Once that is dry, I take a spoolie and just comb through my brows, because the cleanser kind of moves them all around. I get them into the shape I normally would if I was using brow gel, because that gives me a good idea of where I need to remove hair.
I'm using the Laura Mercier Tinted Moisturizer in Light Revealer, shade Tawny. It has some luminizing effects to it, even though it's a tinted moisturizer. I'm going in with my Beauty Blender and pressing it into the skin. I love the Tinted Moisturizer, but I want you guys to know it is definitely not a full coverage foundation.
* * * * * * * * *
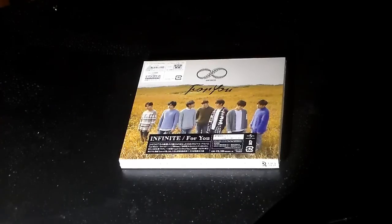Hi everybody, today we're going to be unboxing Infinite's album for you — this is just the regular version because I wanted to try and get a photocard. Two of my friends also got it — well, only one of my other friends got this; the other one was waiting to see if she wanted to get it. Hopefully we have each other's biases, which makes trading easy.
* * * * * * * * *
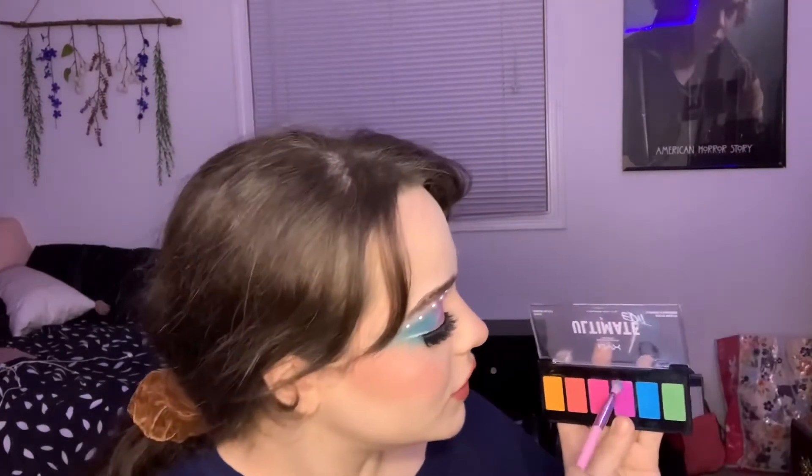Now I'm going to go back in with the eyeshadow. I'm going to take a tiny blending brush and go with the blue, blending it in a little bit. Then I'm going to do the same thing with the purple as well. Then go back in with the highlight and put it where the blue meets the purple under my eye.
* * * * * * * * *
[Brief] Nothing but the lines above from the one containing "Once that is" through the one containing "I'm using the" should appear in the answer, each repeated exactly.

[Solved exercise]
Once that is dry, I take a spoolie and just comb through my brows, because the cleanser kind of moves them all around. I get them into the shape I normally would if I was using brow gel, because that gives me a good idea of where I need to remove hair.
I'm using the Laura Mercier Tinted Moisturizer in Light Revealer, shade Tawny. It has some luminizing effects to it, even though it's a tinted moisturizer. I'm going in with my Beauty Blender and pressing it into the skin. I love the Tinted Moisturizer, but I want you guys to know it is definitely not a full coverage foundation.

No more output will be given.